Forty patients were included over a 25-year period. Before HSCT, 60% received CTLA-4-Ig, and median (range) IDDA score was 23.3 (3.9-84.0). Median (range) age at HSCT was 14.2 (1.3-56.0) years. Patients received peripheral blood stem cell (58%) or marrow (43%) from a matched unrelated donor (75%), mismatched unrelated donor (12.5%), or matched family donor (12.5%). Median (range) follow-up was 3 (0.6-15) years, and 3-year OS was 76.7% (58-87%) and DFS was 74.4% (54.9-86.0%). At latest follow-up, disease of 28 of 30 surviving patients was in disease-free remission with median IDDA reduction of 16. Probability of OS and DFS was greater in patients with lower disease activity before HSCT (IDDA < 23, P = .002 and P = .006, respectively). CTLA-4-Ig receipt did not influence OS or DFS. Cause of death was transplant related in 7 of 8 patients.

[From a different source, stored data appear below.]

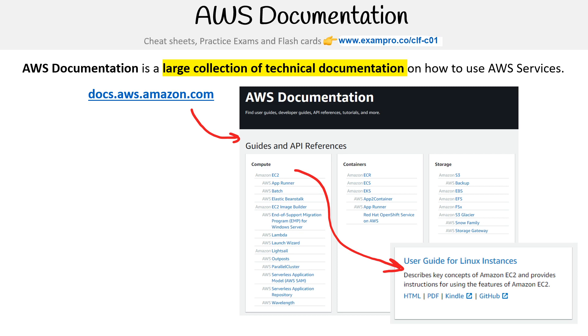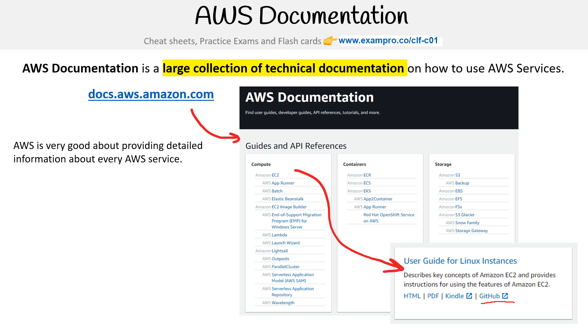You'll notice there's a link to GitHub, and that's because all of these docs are open source and you can contribute to them if you choose to do so. I've done so multiple times in the past — it's quite fun.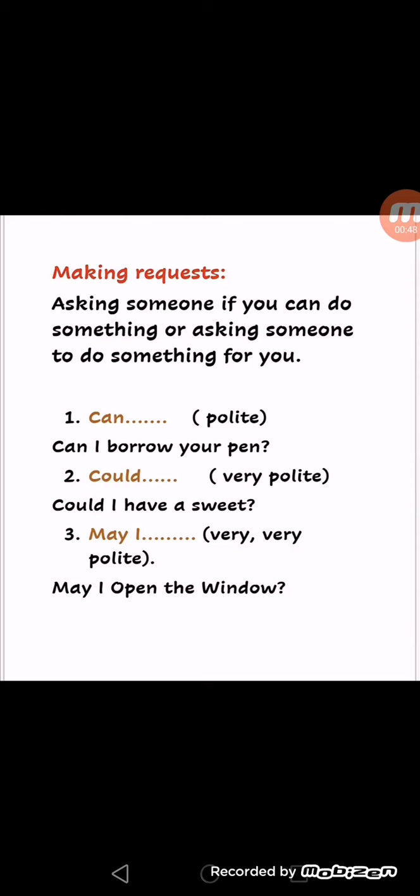Today we have three phrases for making requests. The first one is 'can'. We use 'can' for making requests. 'Can' is considered polite — a polite way of asking. For example: 'Can I borrow your pen?' meaning 'Can I borrow your pen?'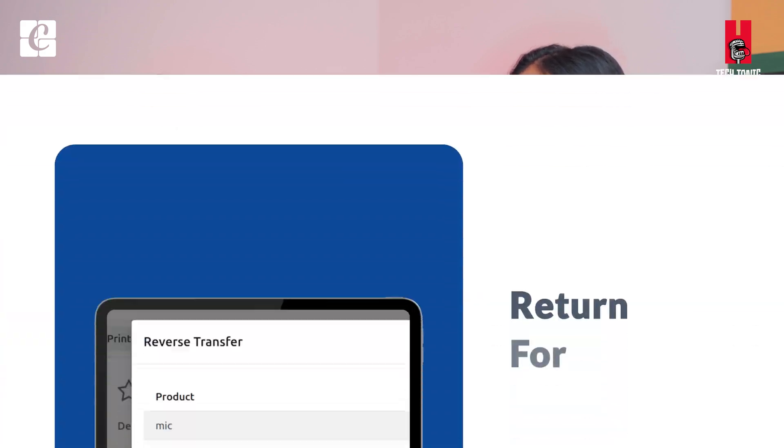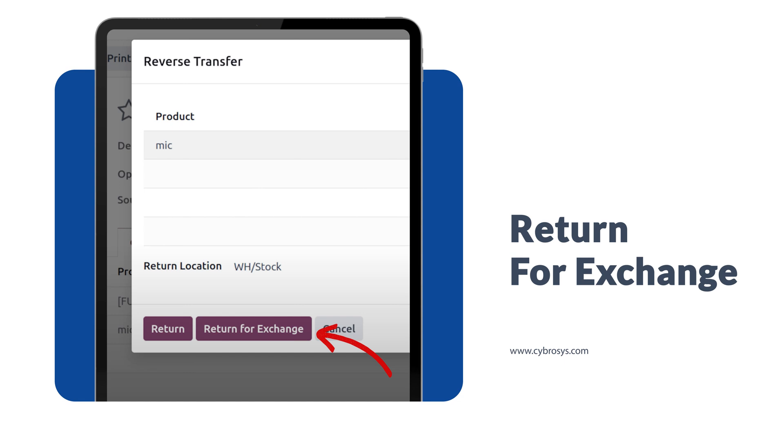Next we have return for exchange. It's a very common scenario — even in online shopping, if you buy a product and it's damaged, or the quality is bad, you have an option to return it for exchange. This is now introduced in Odoo as well. You can return a product directly, or exchange it — when the new item is delivered to you, you return the previous damaged item simultaneously. This saves time in many business cases.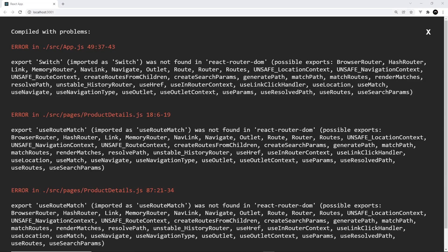In the last lesson we installed React Router version 6 and when we tried to run our project we got errors. The reason is that our code is geared for version 5, and there are a lot of breaking changes in version 6. We need to update our code to fix these errors, and that's what we're going to do over the next few lessons.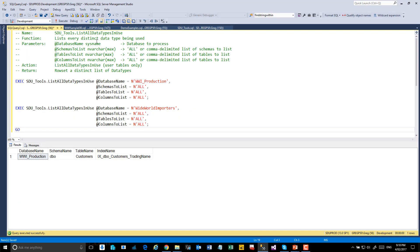The procedure List All Data Types In Use just takes a database name, optionally takes a schema and table and particular columns that you're looking for. If you don't want those, just specify all. So for example, if we look at WWI production and list all schemas, all tables and all columns,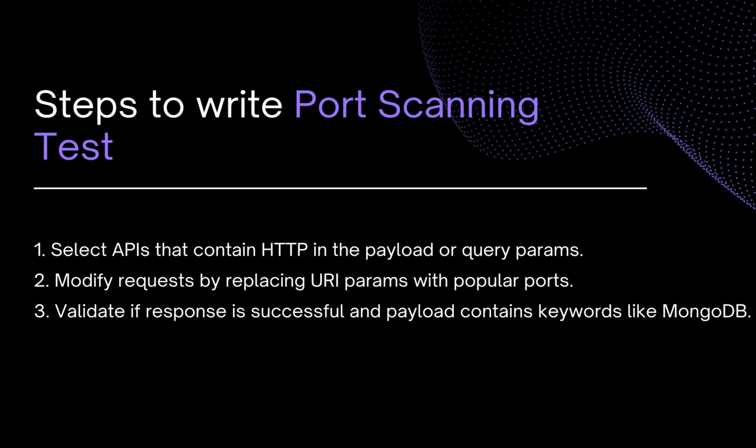This template is going to identify URLs within the API request payload and query parameters that contain the keyword HTTP and then replaces them with the URLs from the provided word list. If sending a request to these modified URLs resulted in 200 response code, it indicates a potential vulnerability.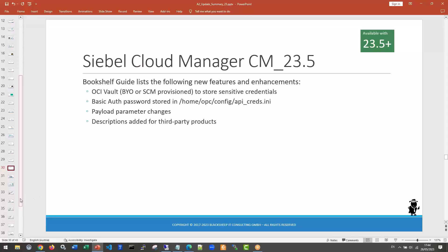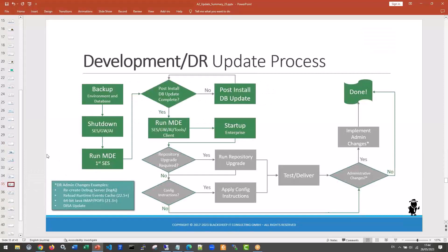The update path diagram hasn't changed. You still run the post-install database update as soon as possible on the first Siebel server, and run the repository upgrade if needed. One new item for your checklist: if you use the inbound REST API, go check the new view and confirm all your base integration objects have been migrated and all your interfaces are still operational.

HSCT is an effective therapy to prevent ongoing disease progression and morbidity, with improving survival rates over time and in patients with lower pre-HSCT disease activity.
细胞毒性T淋巴细胞抗原4(CTLA-4)功能不全导致一种原发性免疫调节紊乱,其特征为淋巴细胞增殖、免疫球蛋白异常血症以及包括血细胞减少和结肠炎在内的多器官自身免疫。
我们研究了造血干细胞移植(HSCT)治疗CTLA-4功能不全的疗效,并探讨HSCT前CTLA-4融合蛋白(CTLA-4-Ig)治疗以及HSCT前免疫失调对生存和免疫结局的影响。
这是一项来自欧洲血液和骨髓移植学会先天性疾病工作组的关于CTLA-4功能不全和2q33.2 - 3缺失的HSCT回顾性研究。主要终点为总生存期(OS)以及无疾病和慢性移植物抗宿主病生存期(DFS)。次要终点是通过免疫失调疾病活动(IDDA)评分评估的免疫结局。
在25年期间共纳入40例患者。HSCT前,60%的患者接受了CTLA-4-Ig治疗,IDDA评分中位数(范围)为23.3(3.9 - 84.0)。HSCT时的年龄中位数(范围)为14.2(1.3 - 56.0)岁。患者接受了来自匹配无关供者(75%)、不匹配无关供者(12.5%)或匹配家族供者(12.5%)的外周血干细胞(58%)或骨髓(43%)。随访中位数(范围)为3(0.6 - 15)年,3年总生存率为76.7%(58 - 87%),无病生存率为74.4%(54.9 - 86.0%)。在最近一次随访时,30例存活患者中有28例疾病处于无病缓解状态,IDDA评分中位数降低了16。HSCT前疾病活动度较低的患者(IDDA < 23)的总生存和无病生存概率更高(分别为P = 0.002和P = 0.006)。接受CTLA-4-Ig治疗并不影响总生存或无病生存。8例患者中有7例的死亡原因与移植相关。
HSCT是预防疾病持续进展和发病的有效治疗方法,随着时间推移以及HSCT前疾病活动度较低的患者生存率有所提高。